パワーハラスメントの防止のために、雇用管理上必要な措置を講じることが事業主の義務になっています。

企業の方針等の明確化とその周知・啓発

「企業がパワハラ対策を講じていること」を従業員に明言することです。

そして、「就業規則」や社内報・社内ホームページを通じて、「パワハラ」の定義や内容、発生原因や背景など、管理監督者を含む労働者に対して、社内研修を行って周知と啓発を徹底します。

なお、パワハラを行った者に対しては厳正に対処する方針と内容も付け加え、文書に規定します。


相談や苦情に応じ、適切に対応するための体制整備

「パワハラ相談」への対応のための窓口を定めておき、従業員に周知しなくてはなりません。
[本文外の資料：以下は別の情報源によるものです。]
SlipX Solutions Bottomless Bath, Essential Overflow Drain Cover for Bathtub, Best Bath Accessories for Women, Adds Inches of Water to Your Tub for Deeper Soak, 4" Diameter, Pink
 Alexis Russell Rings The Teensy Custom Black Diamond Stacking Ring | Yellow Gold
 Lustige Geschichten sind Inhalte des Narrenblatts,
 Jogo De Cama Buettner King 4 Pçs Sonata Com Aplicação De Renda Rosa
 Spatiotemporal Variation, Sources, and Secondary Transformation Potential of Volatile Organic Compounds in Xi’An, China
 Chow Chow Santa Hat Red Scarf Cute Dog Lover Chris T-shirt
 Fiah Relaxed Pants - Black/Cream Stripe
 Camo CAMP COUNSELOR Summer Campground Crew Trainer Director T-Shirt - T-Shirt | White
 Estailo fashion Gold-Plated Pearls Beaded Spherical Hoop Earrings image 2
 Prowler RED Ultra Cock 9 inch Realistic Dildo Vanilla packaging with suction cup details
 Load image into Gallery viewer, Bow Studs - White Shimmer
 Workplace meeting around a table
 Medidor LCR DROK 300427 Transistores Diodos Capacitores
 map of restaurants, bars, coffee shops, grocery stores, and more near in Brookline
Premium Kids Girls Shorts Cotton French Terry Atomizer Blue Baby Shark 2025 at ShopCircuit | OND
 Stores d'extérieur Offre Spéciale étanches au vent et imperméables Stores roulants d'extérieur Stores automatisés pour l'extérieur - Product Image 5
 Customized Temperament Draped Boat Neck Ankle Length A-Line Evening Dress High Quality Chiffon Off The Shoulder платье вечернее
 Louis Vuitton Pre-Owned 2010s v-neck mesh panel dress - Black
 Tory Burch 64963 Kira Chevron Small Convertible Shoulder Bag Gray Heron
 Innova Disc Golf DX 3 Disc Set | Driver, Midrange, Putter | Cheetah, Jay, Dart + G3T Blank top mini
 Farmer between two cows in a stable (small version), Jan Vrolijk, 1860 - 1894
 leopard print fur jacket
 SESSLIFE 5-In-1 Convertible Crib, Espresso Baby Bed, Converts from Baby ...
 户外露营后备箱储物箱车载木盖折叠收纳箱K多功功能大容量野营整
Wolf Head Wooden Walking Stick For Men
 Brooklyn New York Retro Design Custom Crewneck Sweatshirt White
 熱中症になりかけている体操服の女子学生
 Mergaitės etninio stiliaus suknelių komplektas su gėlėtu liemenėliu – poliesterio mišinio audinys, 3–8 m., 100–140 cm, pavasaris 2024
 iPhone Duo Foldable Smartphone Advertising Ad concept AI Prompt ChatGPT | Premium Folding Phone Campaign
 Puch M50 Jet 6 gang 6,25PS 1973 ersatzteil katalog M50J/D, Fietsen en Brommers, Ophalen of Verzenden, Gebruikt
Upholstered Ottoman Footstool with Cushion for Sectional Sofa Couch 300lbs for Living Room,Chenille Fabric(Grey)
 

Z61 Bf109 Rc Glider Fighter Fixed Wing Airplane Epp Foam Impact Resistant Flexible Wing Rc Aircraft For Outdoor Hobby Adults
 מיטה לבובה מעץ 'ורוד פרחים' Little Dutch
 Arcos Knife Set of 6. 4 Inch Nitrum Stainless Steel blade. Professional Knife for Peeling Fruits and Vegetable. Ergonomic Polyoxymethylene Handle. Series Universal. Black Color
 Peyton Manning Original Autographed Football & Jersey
窓口については、外部機関への委託もできます。相談担当窓口は、パワハラの相談に対して、その内容や状況に応じて、適切に対応する責任があります。

これは現実的にパワハラが起きている場合だけではなく、パワハラが生じる恐れがある場合や境界事例の場合にも、広く相談に応じ適切に対応すべきです。


事後の迅速かつ適切な対応

パワハラが実際に起こってしまった場合は、その対応を慎重に行わなければなりません。

まず、パワハラに関する相談の申出があった場合には、相談者に配慮しながら、事案に係る事実関係を迅速かつ正確に確認する必要があります。また相談者及び行為者の言い分が食い違うなど、事実確認が困難な場合には、調停や第三者機関を用いることもできます。

パワハラが実際に行われたことが確認できた場合は、速やかに被害者に十分配慮した措置をとらなければなりません。

具体的には行為者に謝罪させるなど当事者同士の関係改善のための手助けを行ったり、行為者と被害者の距離を物理的に離したりするなどの方法が考えられます。

その上で就業規則に定められた規定に基づき、行為者に対して必要な懲戒その他の措置を講じます。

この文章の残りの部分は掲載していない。